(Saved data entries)

---

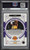 2022 Panini Obsidian Orbital LeBron James /99 #11 PSA 9 MINT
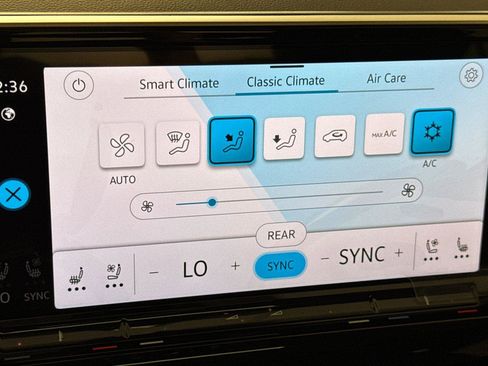 New 2026 Volkswagen Atlas SEL image 19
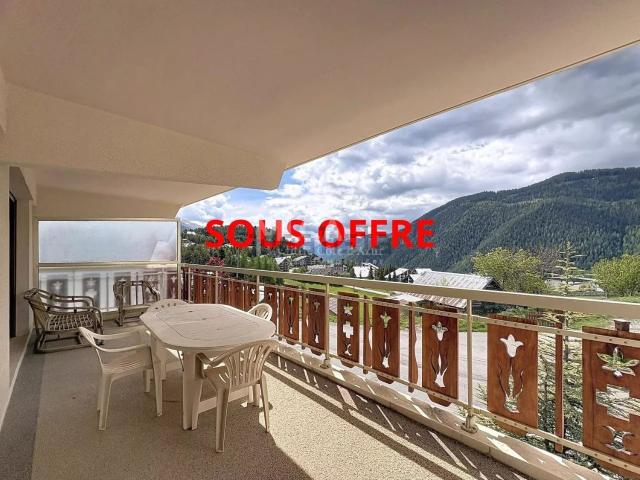 Appartement vente à Saint-Étienne-de-Tinée, Alpes-Maritimes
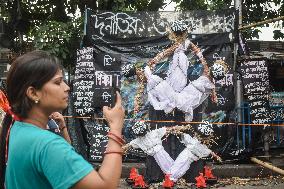 Protest In Kolkata, India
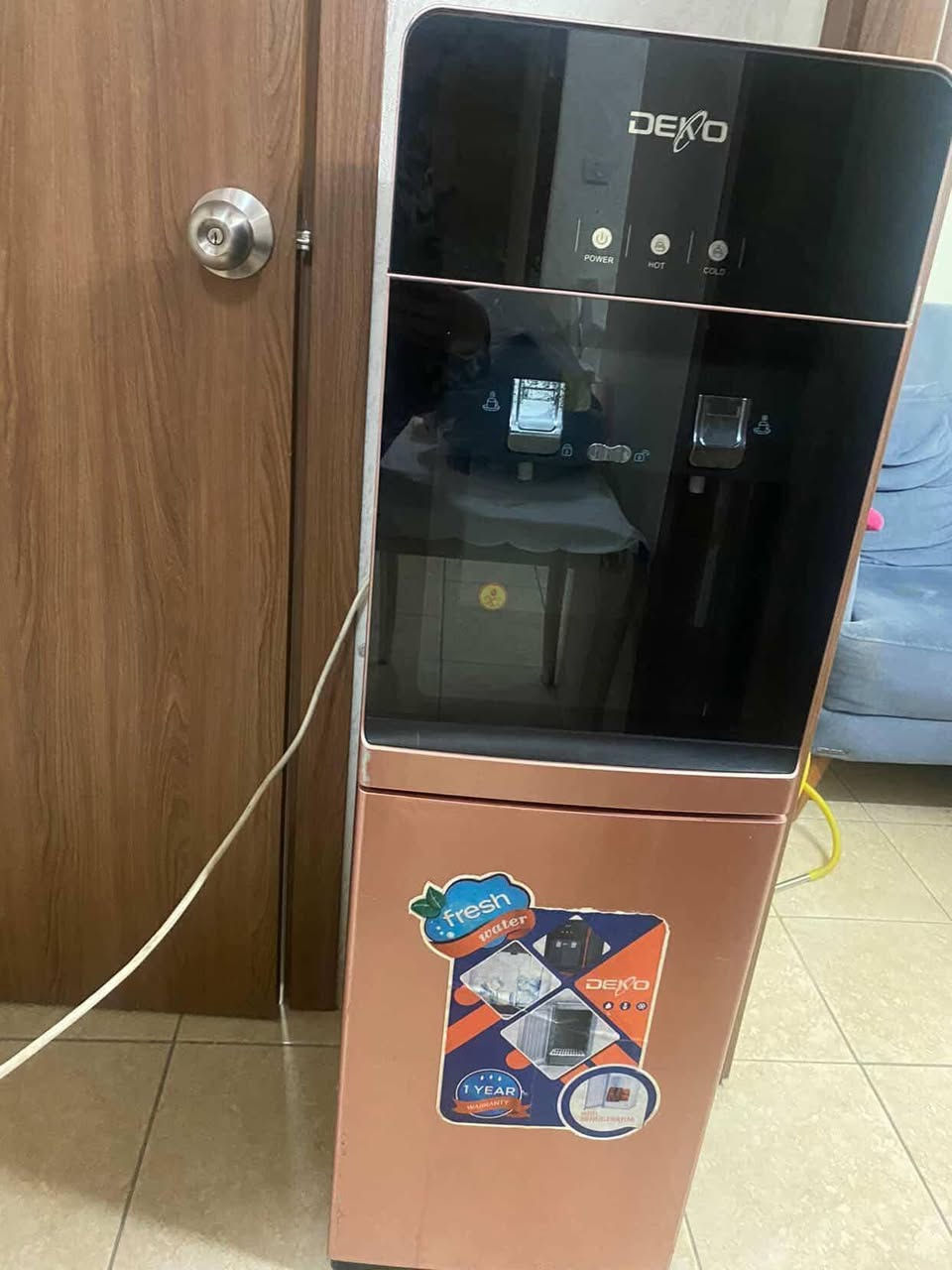 السلام عليكم اللبيع براد  جديد  شخط مابي  السعر  85 وبي مجال العنوان بغداد الجديده معلمين يوجد التوصيل
الرقم *********** متواجد واتساب
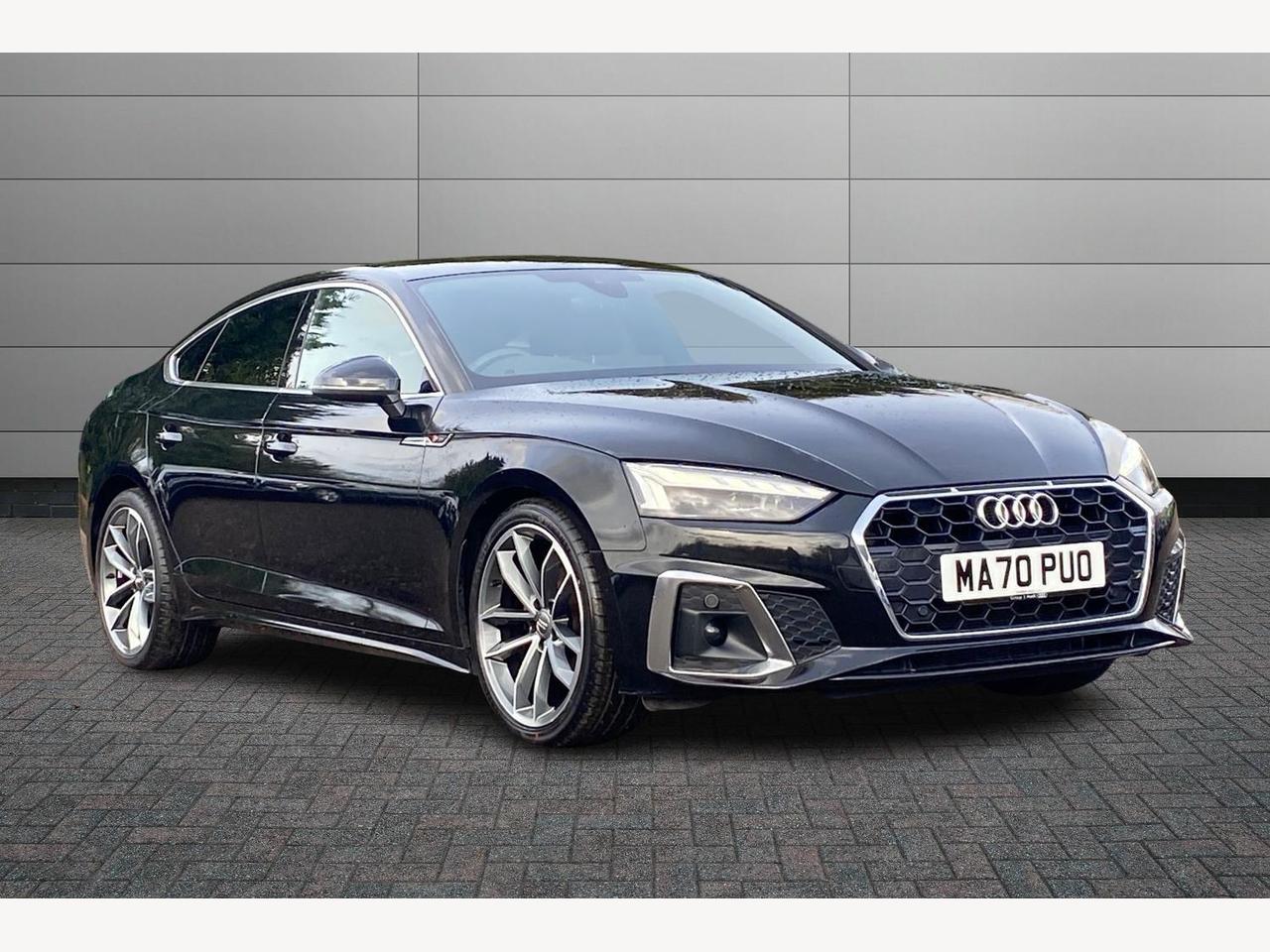 Main listing image - Audi A5 Sportback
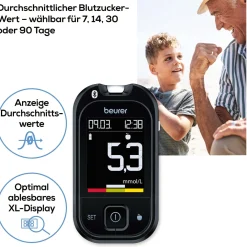 Beurer Blutzuckermessgerät GL 49
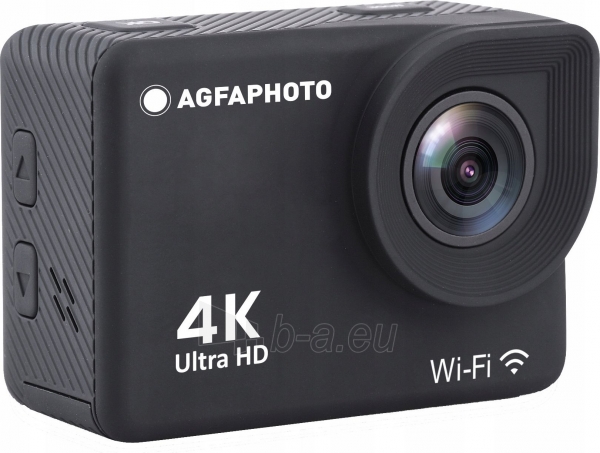 Vaizdo kamera AGFA AC9000 black paveikslėlis 2 iš 6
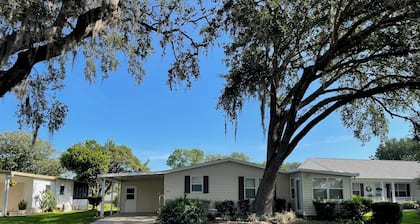 Sunny open-layout retreat with modern flair and pet-friendly charm
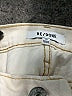 RE/DONE Ivory Jeans Size 25 waist - photo 7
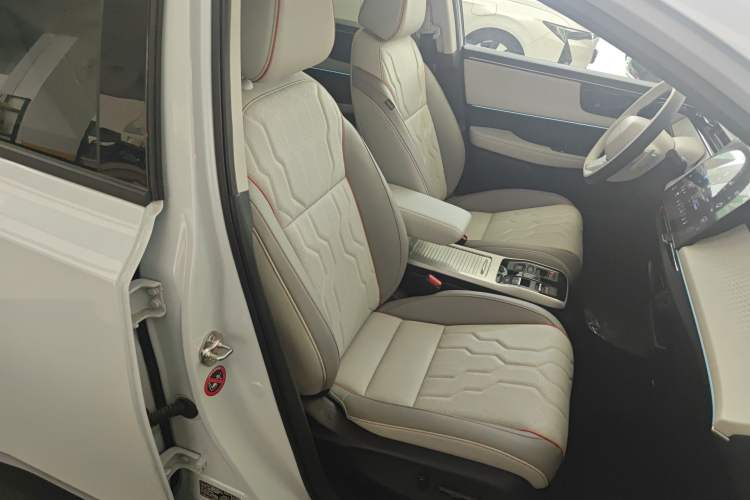 Used Honda e:NS2 2024 Ignite Edition Right Front Seat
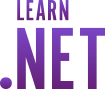 learn dotnet logo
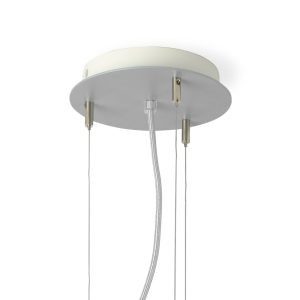 LED-es függőlámpa LARAwood M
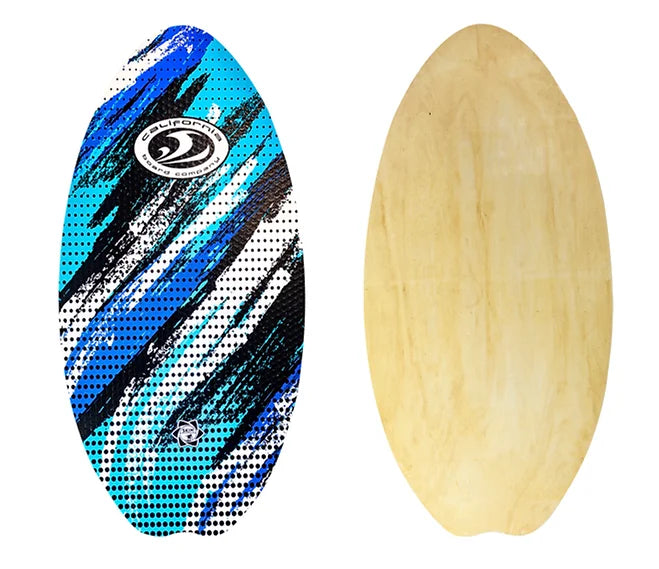 Load image into Gallery viewer, Foot Grabber Skimboard Pallet California Board Company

---

== Exercise goal ==
The lines from the one that contains "Sunny open-layout retreat" through the end of the data, repeated exactly and with no pictures, make up the whole answer.

== Solution to the exercise ==
 Sunny open-layout retreat with modern flair and pet-friendly charm
 RE/DONE Ivory Jeans Size 25 waist - photo 7
 Used Honda e:NS2 2024 Ignite Edition Right Front Seat
 learn dotnet logo
 LED-es függőlámpa LARAwood M
 Load image into Gallery viewer, Foot Grabber Skimboard Pallet California Board Company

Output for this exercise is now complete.